HOW TO COMPLETE THIS TASK: From the entries below, reproduce exactly the line containing "Meditation White Noise", the line containing "Silver tone 18in", and every line in between, with nothing added.

SUPPLIED MATERIAL:
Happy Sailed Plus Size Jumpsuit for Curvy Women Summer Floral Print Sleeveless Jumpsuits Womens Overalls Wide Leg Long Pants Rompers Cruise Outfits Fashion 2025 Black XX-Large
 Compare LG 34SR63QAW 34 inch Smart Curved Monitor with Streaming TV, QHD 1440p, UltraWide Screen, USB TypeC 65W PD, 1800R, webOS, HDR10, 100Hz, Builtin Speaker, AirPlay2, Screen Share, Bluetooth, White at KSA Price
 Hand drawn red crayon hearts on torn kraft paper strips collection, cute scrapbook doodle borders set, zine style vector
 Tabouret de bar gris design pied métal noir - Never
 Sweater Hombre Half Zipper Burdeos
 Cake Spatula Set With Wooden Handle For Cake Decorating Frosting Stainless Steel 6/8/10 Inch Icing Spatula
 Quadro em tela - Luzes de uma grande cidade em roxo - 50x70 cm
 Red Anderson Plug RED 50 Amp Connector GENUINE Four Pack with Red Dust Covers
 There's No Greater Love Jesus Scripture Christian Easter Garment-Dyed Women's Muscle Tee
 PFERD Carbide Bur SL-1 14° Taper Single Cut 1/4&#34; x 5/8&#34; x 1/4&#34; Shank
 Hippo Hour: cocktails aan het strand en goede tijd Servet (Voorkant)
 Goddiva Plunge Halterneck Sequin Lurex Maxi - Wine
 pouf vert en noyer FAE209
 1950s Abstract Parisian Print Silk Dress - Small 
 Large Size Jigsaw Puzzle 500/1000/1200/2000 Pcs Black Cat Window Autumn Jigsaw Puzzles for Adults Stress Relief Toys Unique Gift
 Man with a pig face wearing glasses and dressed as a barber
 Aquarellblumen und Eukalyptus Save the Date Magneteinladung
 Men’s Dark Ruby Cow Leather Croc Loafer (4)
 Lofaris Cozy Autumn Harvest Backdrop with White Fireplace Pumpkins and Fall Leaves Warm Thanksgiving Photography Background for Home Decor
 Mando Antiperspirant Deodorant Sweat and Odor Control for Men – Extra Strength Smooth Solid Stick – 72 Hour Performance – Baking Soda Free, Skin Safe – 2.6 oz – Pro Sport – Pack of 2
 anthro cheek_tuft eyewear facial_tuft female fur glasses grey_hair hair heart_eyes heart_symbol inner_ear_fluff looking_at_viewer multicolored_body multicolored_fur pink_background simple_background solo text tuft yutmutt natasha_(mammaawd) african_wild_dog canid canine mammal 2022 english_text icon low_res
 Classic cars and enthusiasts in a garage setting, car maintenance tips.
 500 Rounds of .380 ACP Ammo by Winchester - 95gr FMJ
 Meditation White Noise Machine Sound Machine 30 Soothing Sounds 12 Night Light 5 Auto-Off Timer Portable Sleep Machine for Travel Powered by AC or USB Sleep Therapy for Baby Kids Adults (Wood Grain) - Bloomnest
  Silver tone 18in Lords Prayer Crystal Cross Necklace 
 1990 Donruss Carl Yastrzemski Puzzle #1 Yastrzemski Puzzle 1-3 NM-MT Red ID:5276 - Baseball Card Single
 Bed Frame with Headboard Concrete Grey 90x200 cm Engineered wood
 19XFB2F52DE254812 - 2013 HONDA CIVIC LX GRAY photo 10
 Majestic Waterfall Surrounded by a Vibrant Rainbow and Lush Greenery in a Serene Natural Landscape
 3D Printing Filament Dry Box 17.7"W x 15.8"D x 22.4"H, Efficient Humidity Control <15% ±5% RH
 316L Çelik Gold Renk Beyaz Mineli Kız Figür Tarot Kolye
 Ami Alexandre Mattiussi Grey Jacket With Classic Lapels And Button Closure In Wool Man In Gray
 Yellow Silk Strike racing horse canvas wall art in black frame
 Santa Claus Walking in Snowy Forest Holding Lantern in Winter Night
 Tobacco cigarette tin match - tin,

TASK RESPONSE:
 Meditation White Noise Machine Sound Machine 30 Soothing Sounds 12 Night Light 5 Auto-Off Timer Portable Sleep Machine for Travel Powered by AC or USB Sleep Therapy for Baby Kids Adults (Wood Grain) - Bloomnest
  Silver tone 18in Lords Prayer Crystal Cross Necklace 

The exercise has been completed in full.